Bangladeshi politician (born 1966)

Nizam Uddin Hazari (born 1 January 1966) is an Awami League politician and a former Jatiya Sangsad member representing the Feni-2 constituency.

== Early life ==
Hazari was born on 1 January 1966 to Dil Afroze Begum and Zainal Abedin. He has a B.com degree.

== Career ==
Hazari started politics while he was a student of Chittagong Govt. Commerce College. In the 1990s Uddin worked under AJM Nasir Uddin in Chittagong. Uddin was sentenced to jail on an arms case on 22 March 1992. He returned to Feni in 1997 to work under Joynal Hazari.

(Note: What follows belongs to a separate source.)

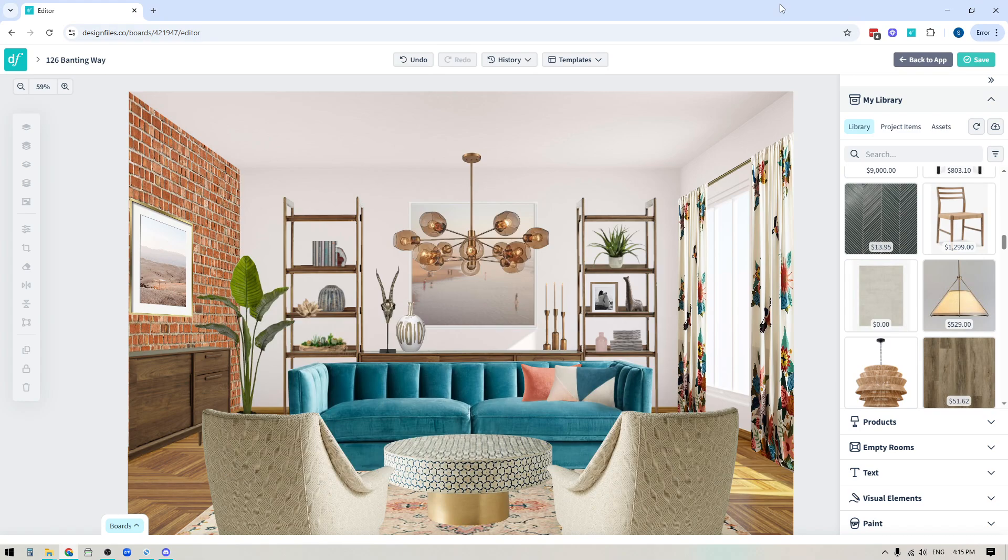Hey folks, Sheila here from Design Files. In today's video, we're going to be talking all about the brand new multi-select feature that is now available within the mood board editor.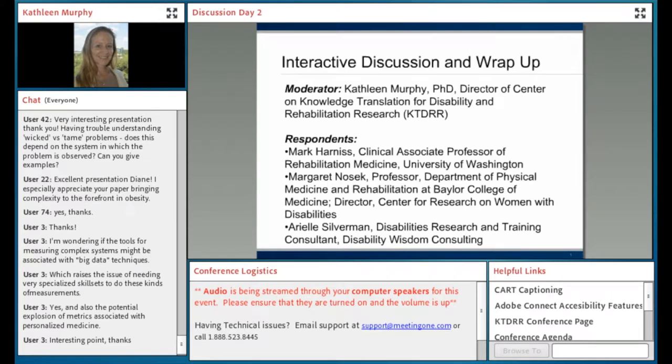Hi, everyone. This is Kathleen. Diane, thank you so much for a really, really fascinating presentation.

On 16 August 2000, a court in Chittagong sentenced Hazari to ten years imprisonment on an arms case. He was released after serving five years in jail. He had appealed against the verdict with Bangladesh High Court and Bangladesh Supreme Court.

Hazari was mayor of Feni in 2011.

Hazari was elected to parliament from Feni-2 in 2014 unopposed as the election was boycotted by all major political parties. He resigned from the post of mayor of Feni to participate in the election.

In May 2014, Ekramul Haque, chairperson of Fulgazi Upazila, was assassinated. All of the accused were followers of Hazari. Uddin and Joynal Hazari blamed each other over the murder. According to The Daily Star, Uddin is believed to be behind the murder but he was not charged in case.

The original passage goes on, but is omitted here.